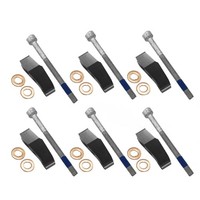 6X DüSenhalter FüR Mercedes W203 W204 W210 W211 W461 W463 B906 W639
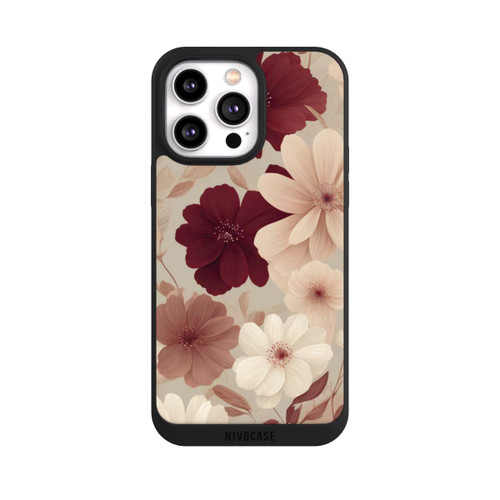 Apple iPhone 14 Pro Max NIVOpure Romantische Pastellblumen mit KI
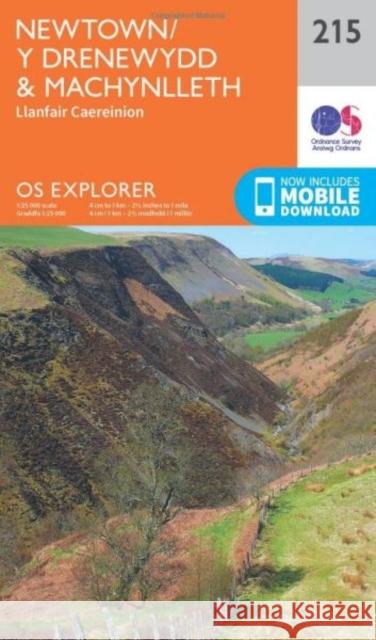 Newtown, Llanfair Caereinion Ordnance Survey 9780319244081 Ordnance Survey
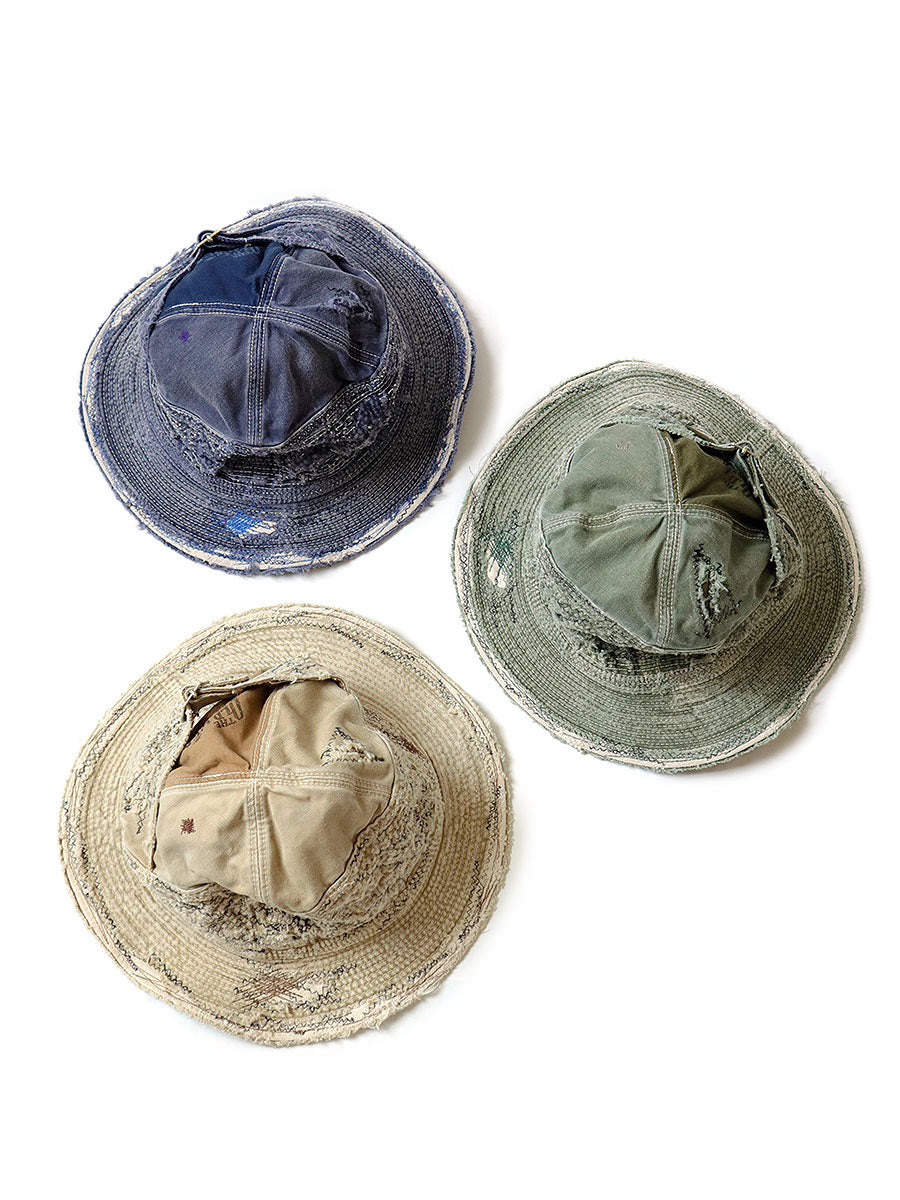 Kapital Tagged Bucket Brimmed Hats Totem Brand Co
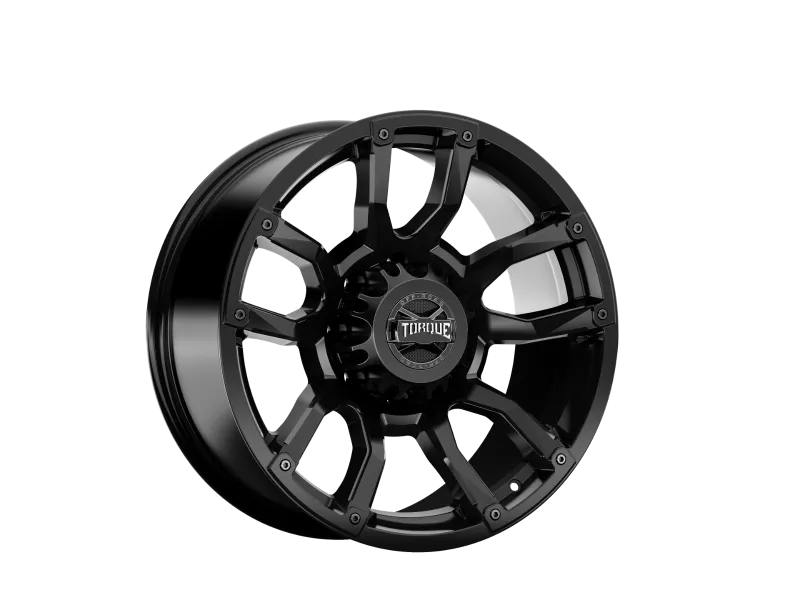 Torque Impact Satin Black | 20x9 | 8x180 | 0mm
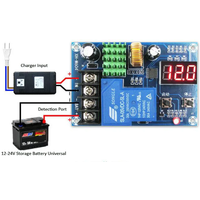 XH-M604 DC 6-60V lithium battery charging control module battery charging control protection switch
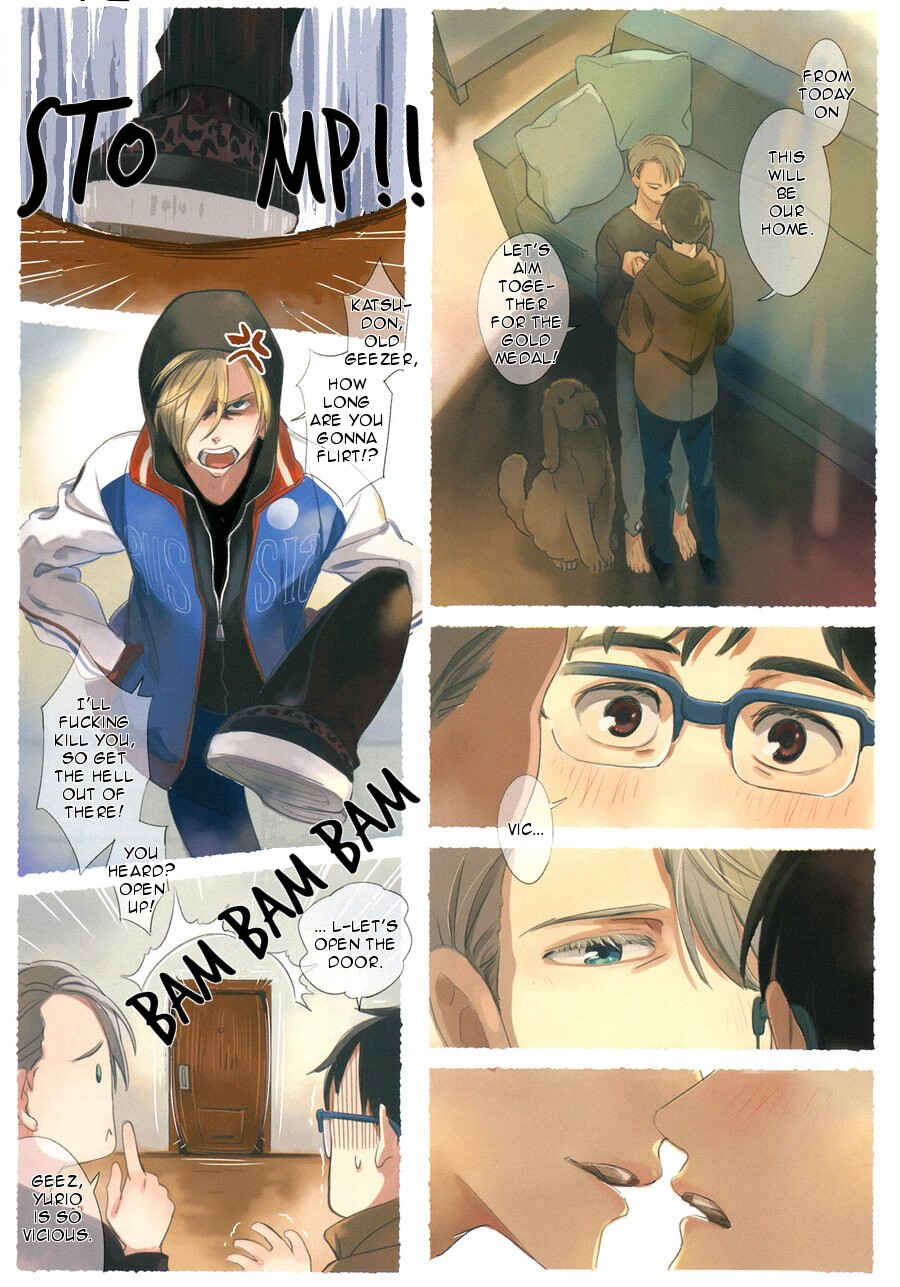 Page 3 Chapter Unknown_0e77 Yuri!!! on Ice - Stay Close to Me (Doujinshi)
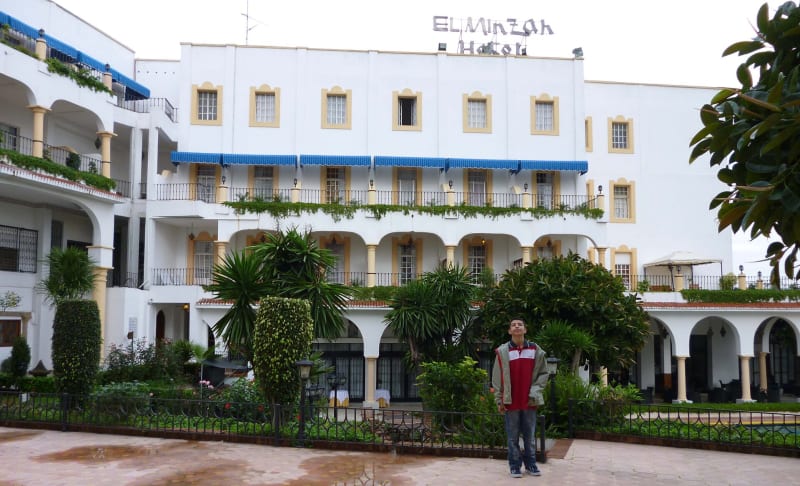 El Minzah Hotel — 1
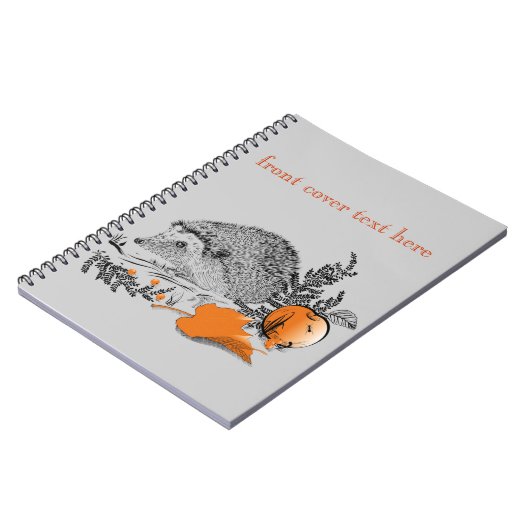 Egel Notitieboek (Linkerzijde)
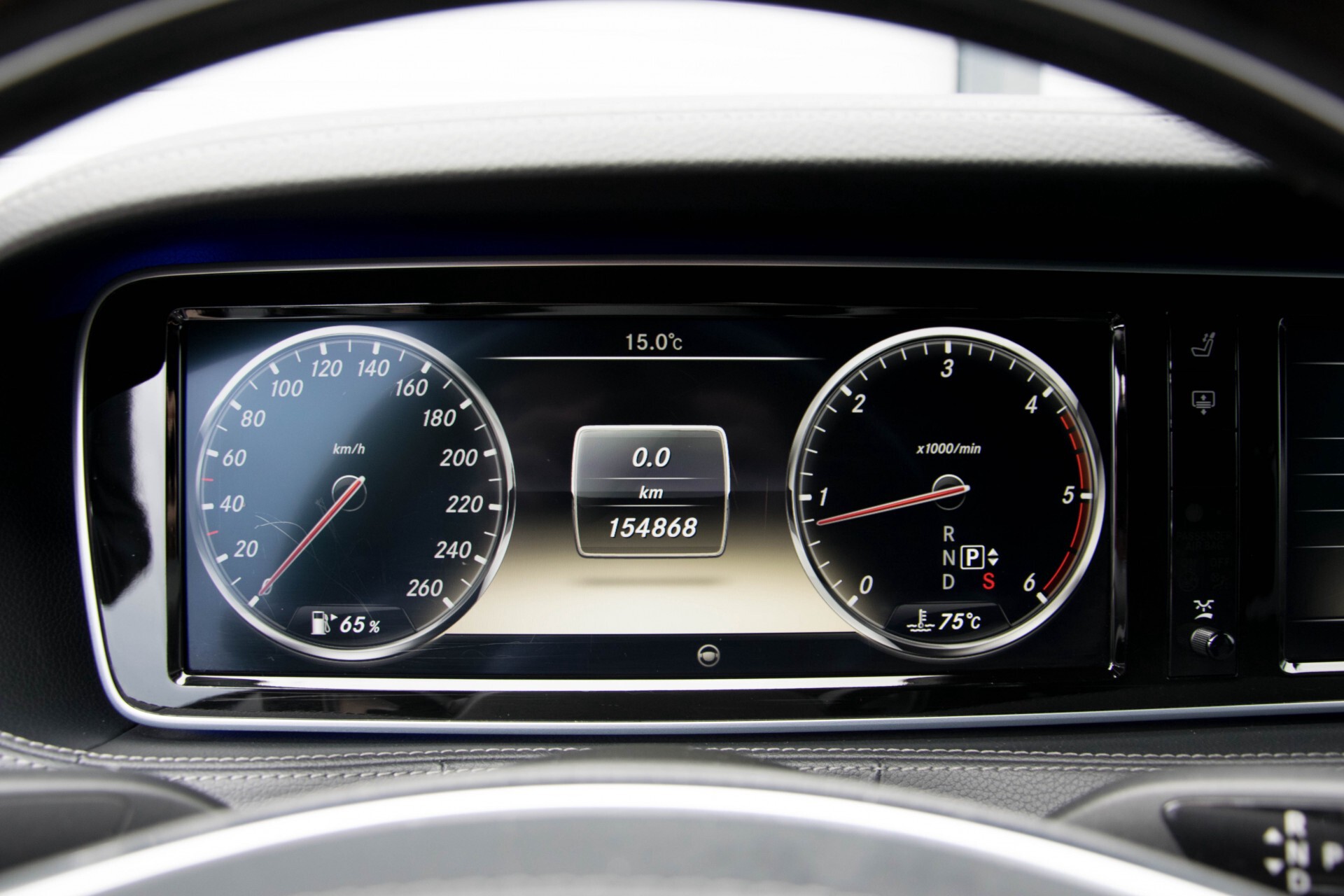 Mercedes-Benz S-Klasse 350 Bluetec Lang AMG RearEnt/Pano/Distronic/Keyless/Burmester/Mass/Standkachel Aut7 Foto 6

Assignment: When the line containing "Page 3 Chapter" has been located, retype it and each line after it through the end of the records, excluding the pictures and adding nothing else.

Your response:
 Page 3 Chapter Unknown_0e77 Yuri!!! on Ice - Stay Close to Me (Doujinshi)
 El Minzah Hotel — 1
 Egel Notitieboek (Linkerzijde)
 Mercedes-Benz S-Klasse 350 Bluetec Lang AMG RearEnt/Pano/Distronic/Keyless/Burmester/Mass/Standkachel Aut7 Foto 6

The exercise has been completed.